А.К.: Вы тогда почувствовали у него разочарованность?

 

В.Л.: Разочарованность у него, конечно, есть, потому что, представьте, человек понимает, что мир оказался в тяжелой ситуации. «Во многой мудрости много печали», как говорится. Когда человек понимает, он какие-то такие вещи видит… мрачные, тяжелые. И перспективу он там тоже рисует не блестящую. Об опасности он пишет, о том, что человек может потерять смысл собственного существования.

 

А.К.: Был ли у него шанс остаться?

 

В.Л.: Я думал на эту тему: был ли шанс? Ну какой шанс?

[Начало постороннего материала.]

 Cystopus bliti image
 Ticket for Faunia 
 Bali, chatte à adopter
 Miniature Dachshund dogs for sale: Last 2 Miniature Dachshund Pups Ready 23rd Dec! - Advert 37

Формально такой шанс был всегда, но, если бы он не уехал, если такой шанс осуществился, он не был бы тем, кем он стал. Он не был бы таким блестящим писателем, абсолютно точно, ему бы не дали писать. Может он и писал себе в стол куда-то, в сундуке бы у себя дома держал, но это не имело бы такого влияния, такого резонанса. Поэтому вот эта трагическая судьба… Конечно же ему не хотелось уезжать, его заставили там жить, для меня он как раз является настоящим русским человеком, он любил нашу страну, ему здесь было лучше. Но если бы ему не пришлось уехать, он не смог бы себя в той степени, в какой ему удалось это сделать. Это сложная вещь, трагическая история, которая при этом дала ему возможность показать себя во всей полноте и во всех своих возможностях.